What the exercise asks » Your answer should be only the lines below from the one with "HYDRO - Jogger pants Gildan G182" to the one with "Hotel Mandarin Boutique", repeated exactly, ends included.

[Items from a data source]
_ _ _ _ _

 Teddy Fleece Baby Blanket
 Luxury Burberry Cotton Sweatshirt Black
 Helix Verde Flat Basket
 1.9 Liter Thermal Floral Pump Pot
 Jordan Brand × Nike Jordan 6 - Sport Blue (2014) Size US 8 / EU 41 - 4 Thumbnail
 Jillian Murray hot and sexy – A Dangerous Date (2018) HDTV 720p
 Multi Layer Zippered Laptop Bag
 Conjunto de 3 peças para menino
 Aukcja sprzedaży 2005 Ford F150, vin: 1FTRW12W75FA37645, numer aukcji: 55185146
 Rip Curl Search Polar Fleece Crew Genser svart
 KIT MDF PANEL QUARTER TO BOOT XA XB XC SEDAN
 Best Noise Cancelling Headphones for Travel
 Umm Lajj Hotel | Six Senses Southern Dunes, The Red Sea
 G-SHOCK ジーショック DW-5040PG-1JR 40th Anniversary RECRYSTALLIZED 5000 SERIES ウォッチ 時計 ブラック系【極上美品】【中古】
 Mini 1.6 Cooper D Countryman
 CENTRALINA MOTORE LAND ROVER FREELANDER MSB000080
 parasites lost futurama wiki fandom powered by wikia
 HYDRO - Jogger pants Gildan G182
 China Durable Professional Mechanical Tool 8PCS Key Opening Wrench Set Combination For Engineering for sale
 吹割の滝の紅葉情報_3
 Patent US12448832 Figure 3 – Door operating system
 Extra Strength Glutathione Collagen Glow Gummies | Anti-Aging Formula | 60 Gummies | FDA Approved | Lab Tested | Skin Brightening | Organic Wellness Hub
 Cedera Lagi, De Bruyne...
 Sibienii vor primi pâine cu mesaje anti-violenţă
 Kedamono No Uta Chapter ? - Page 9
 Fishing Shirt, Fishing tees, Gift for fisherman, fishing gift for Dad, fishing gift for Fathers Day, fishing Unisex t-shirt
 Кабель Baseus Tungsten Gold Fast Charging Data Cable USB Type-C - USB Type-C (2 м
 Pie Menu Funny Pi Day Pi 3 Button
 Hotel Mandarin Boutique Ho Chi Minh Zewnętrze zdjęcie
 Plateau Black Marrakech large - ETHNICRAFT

_ _ _ _ _

Finished task »
 HYDRO - Jogger pants Gildan G182
 China Durable Professional Mechanical Tool 8PCS Key Opening Wrench Set Combination For Engineering for sale
 吹割の滝の紅葉情報_3
 Patent US12448832 Figure 3 – Door operating system
 Extra Strength Glutathione Collagen Glow Gummies | Anti-Aging Formula | 60 Gummies | FDA Approved | Lab Tested | Skin Brightening | Organic Wellness Hub
 Cedera Lagi, De Bruyne...
 Sibienii vor primi pâine cu mesaje anti-violenţă
 Kedamono No Uta Chapter ? - Page 9
 Fishing Shirt, Fishing tees, Gift for fisherman, fishing gift for Dad, fishing gift for Fathers Day, fishing Unisex t-shirt
 Кабель Baseus Tungsten Gold Fast Charging Data Cable USB Type-C - USB Type-C (2 м
 Pie Menu Funny Pi Day Pi 3 Button
 Hotel Mandarin Boutique Ho Chi Minh Zewnętrze zdjęcie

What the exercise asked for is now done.